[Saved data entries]
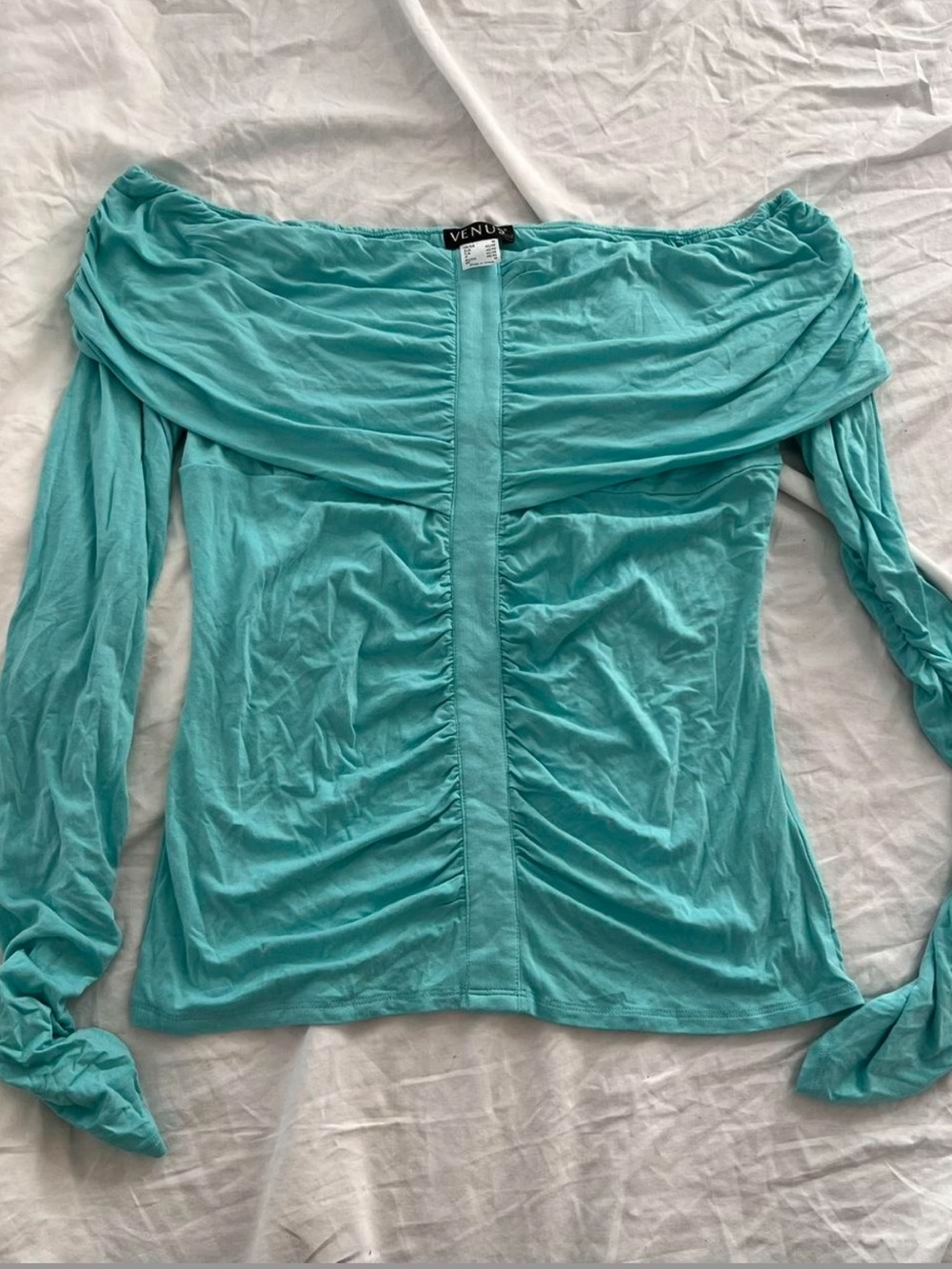 VENUS Off-the-Shoulder Long Sleeve Top in Aqua Blue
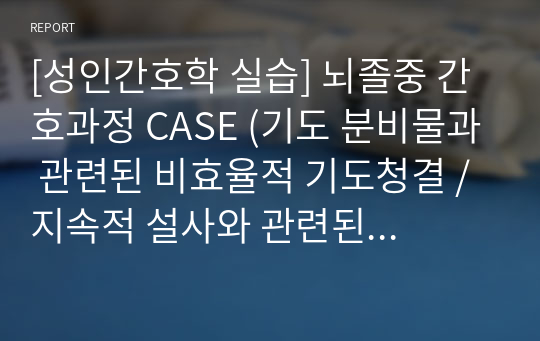 [성인간호학 실습] 뇌졸중 간호과정 CASE (기도 분비물과 관련된 비효율적 기도청결 / 지속적 설사와 관련된 체액불균형의 위험)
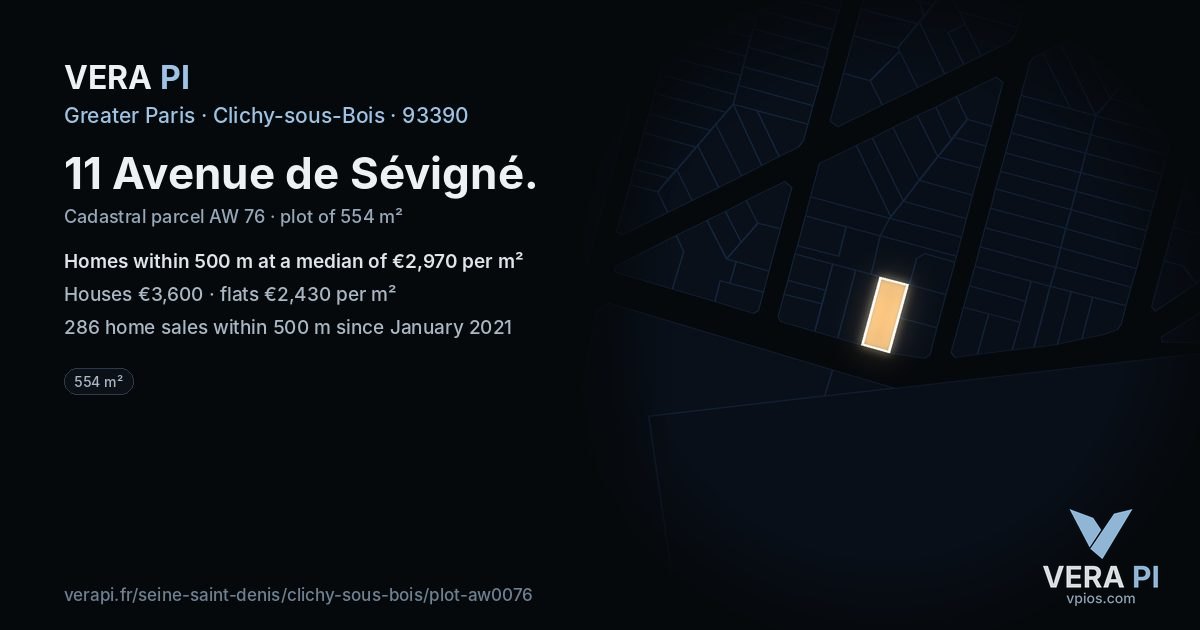 11 Avenue de Sévigné, Clichy-sous-Bois at night – the plot lit, the parcels around coloured by the prices near them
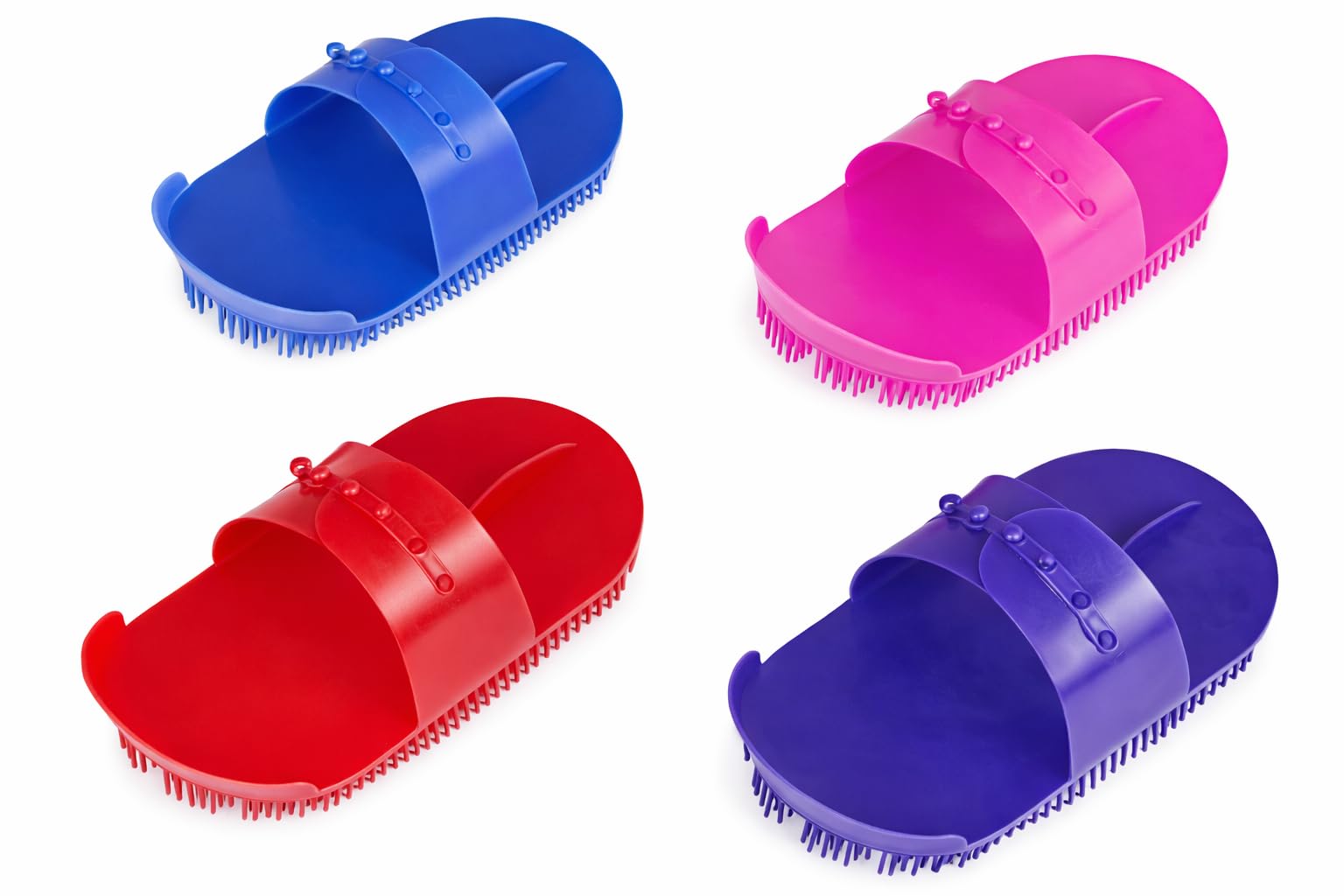 Elico Plastic Curry Comb - Large, Horse Grooming (Pink)
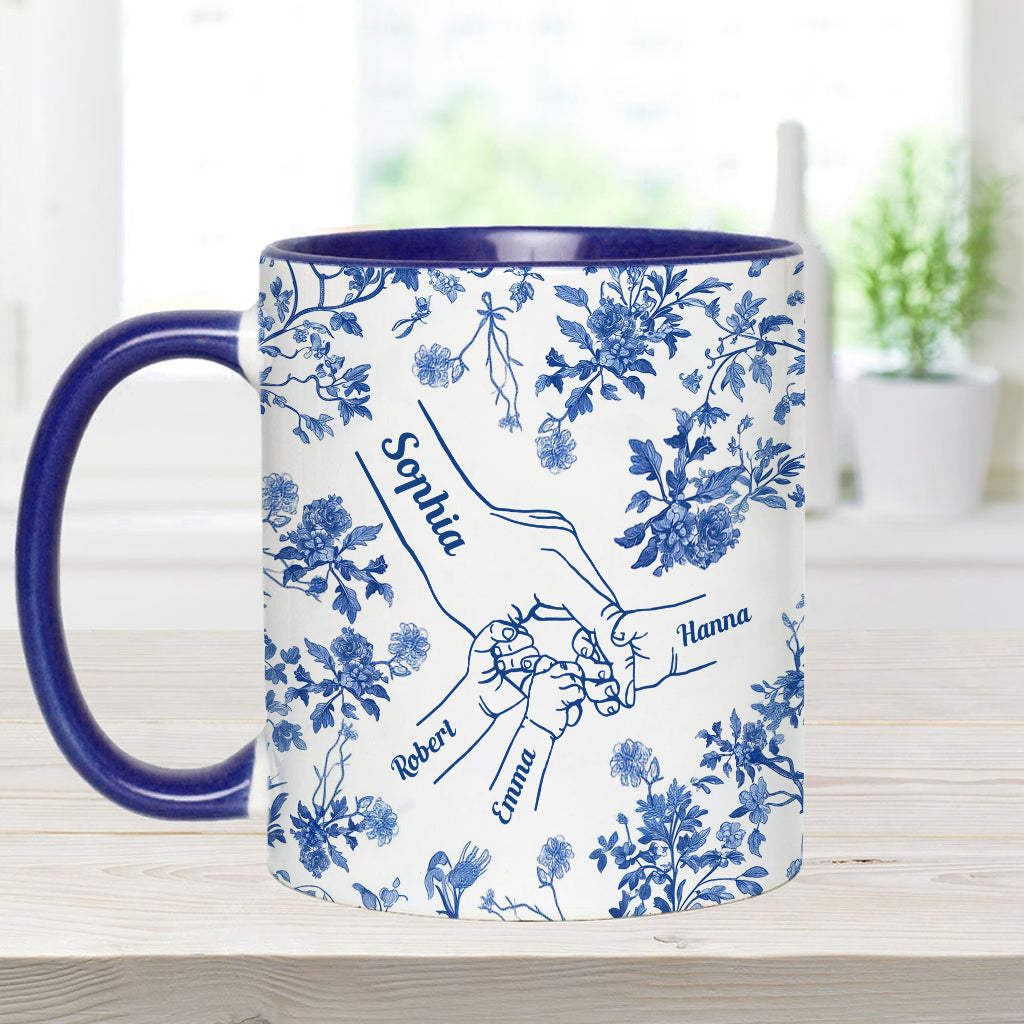 Mutterhand Toile de Jouy - Personalisierte Tasse mit Muttermotiv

> [What you should do]: Once the pictures are set aside, repeat the data above exactly.

> [Answer to the problem]:
 VENUS Off-the-Shoulder Long Sleeve Top in Aqua Blue
 [성인간호학 실습] 뇌졸중 간호과정 CASE (기도 분비물과 관련된 비효율적 기도청결 / 지속적 설사와 관련된 체액불균형의 위험)
 11 Avenue de Sévigné, Clichy-sous-Bois at night – the plot lit, the parcels around coloured by the prices near them
 Elico Plastic Curry Comb - Large, Horse Grooming (Pink)
 Mutterhand Toile de Jouy - Personalisierte Tasse mit Muttermotiv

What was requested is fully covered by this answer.